Plastics – the Facts 2017 è il report di PlasticsEurope rilasciato periodicamente per fornire un’analisi della produzione, della domanda e della gestione dei rifiuti delle materie plastiche. Esplora le più recenti informazioni aziendali su produzione e domanda, commercio, riciclaggio e recupero, nonché sull’occupazione e sul fatturato nel settore delle materie plastiche. Il comparto plastico europeo, che include produttori, trasformatori, riciclatori e costruttori di macchine e attrezzature, consta di quasi 60.000 aziende appartenenti ai 28 paesi dell’UE, offre lavoro a più di 1,5 milioni di persone e ha chiuso il 2016 con un fatturato di 15 miliardi di Euro. Per quanto riguarda la produzione di materie plastiche (termoplastiche, poliuretani, termoindurenti, adesive, di rivestimento e sigillanti), l’Europa ha prodotto 60 milioni di tonnellate su un totale mondiale di 335 milioni di tonnellate, contribuendo però solo con un 19%, rispetto al peso dell’Asia che detiene il 50% del mercato (il 29% la sola Cina).
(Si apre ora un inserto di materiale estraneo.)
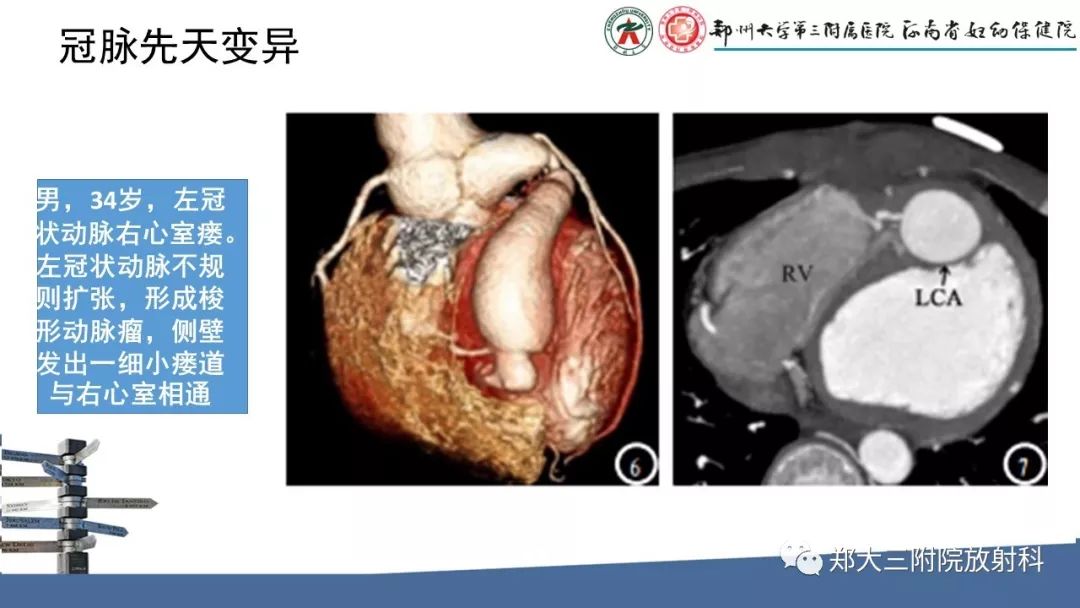 【PPT】冠状动脉CTA的临床应用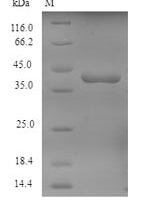 Human Tyrosine-protein kinase JAK1 (Jak1), partial Recombinant Protein - BioCrest Sci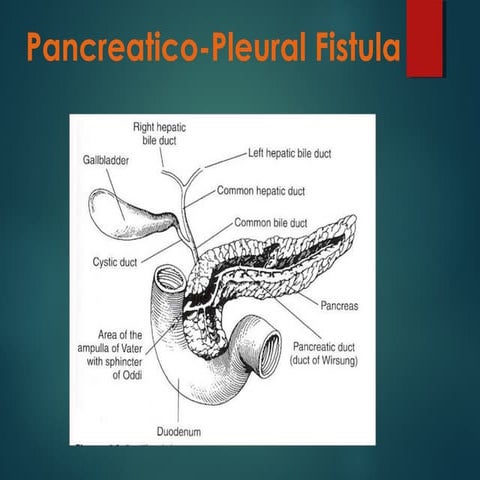 Pancreatico pleural fistula | PPT
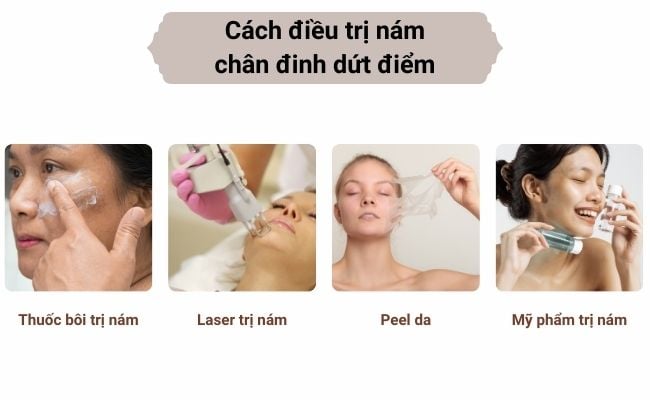 Cách điều trị nám chân đinh dứt điểm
La domanda europea di plastiche, che a livello globale conta 49,9 milioni di tonnellate di materie plastiche trasformate, posiziona la Germania al primo posto con un 24,5%, a cui fa seguito l’Italia, in seconda posizione con un 14,2%. I primi sei paesi da soli (Germania, Italia, Francia, Spagna, UK e Polonia) insieme al Benelux, pesano per l’80% sulla domanda globale europea. Per quel che concerne le destinazioni d’uso delle materie plastiche, l’imballaggio è al primo posto (39%), seguito dal settore delle costruzioni (19,7%), dall’automotive (10%), elettrico/elettronico (6,2), domestico/sport/tempo libero (4,2%) e quello agricolo (3,3%). Altro dato interessante riguarda il comparto del riciclo delle materie plastiche per il quale, per la prima volta, le attività di riciclaggio (aumentate del 79%) superano i volumi destinati alla discarica (con una riduzione del 43%). Su un totale di 27,1 milioni di tonnellate di rifiuti prodotti, il 41,6% è stato destinato al recupero energetico, il 31,1% alle attività di riciclaggio mentre il 27,3% è stato portato in discarica.